# Tritronics Classic 70 E-Collar



## tom sawyer (Feb 1, 2006)

Is this a decent collar? My brother got one three years ago and I can buy it from him for $150. Just wondering if that is a fair deal or should I look for a newer model with more features? There is only continuous mode but it looks like you can just press the button quickly and that would be the equivalent of a nick? And it has something like 5 settings, I tried the first three out on my hand and level three was a pretty decent jolt. I'm not quite a hairy as Raven though.

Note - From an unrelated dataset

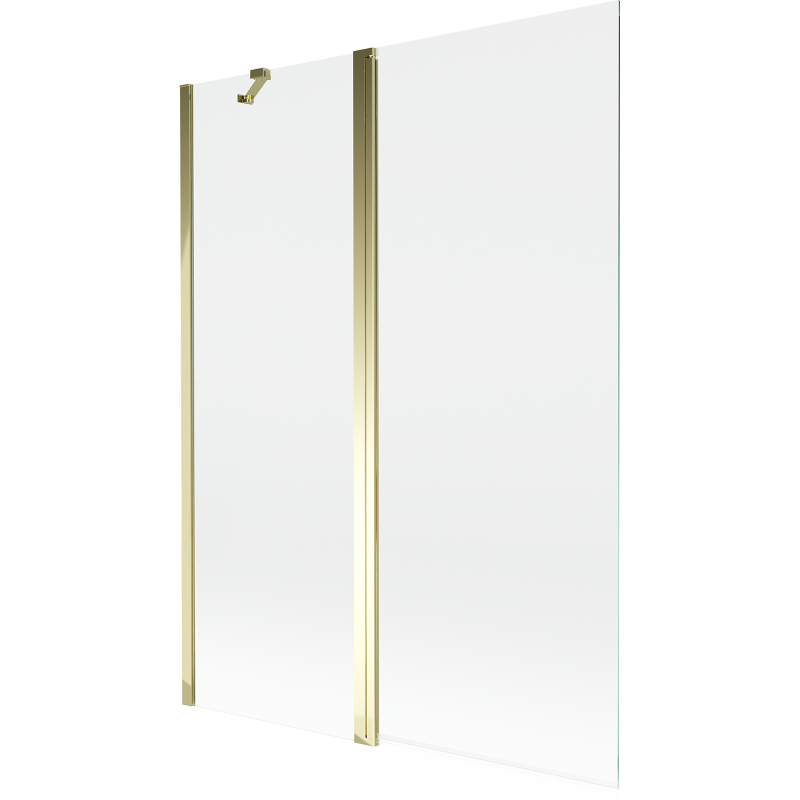 Paroi de baignoire 2 volets Mexen Mist 130 x 150 cm, transparent, doré - 8A9-130-011-50-00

I got the Ten Minute Retriever and also two of Graham's books so I'm training myself before using this tool.


----------



## gonehuntin' (Jul 27, 2006)

It sounds like you have little or no experience with e-collars. If this is so, I'd stay away from it. Get one of the ones like the 100 with 15 or so settings and if you use your head and get a good CD or tape, you won't hurt the dog. My advice then is don't buy it. It's not that good a price anyhow.


----------



## tom sawyer (Feb 1, 2006)

The multiple levels are that important? The stuff I've read so far never really indicated that you were supposed to fine tune things to such a degree. Thanks for the advice. I'm also debating whether to turn the force-fetch process over to a pro. It seems straightforward enough though.


----------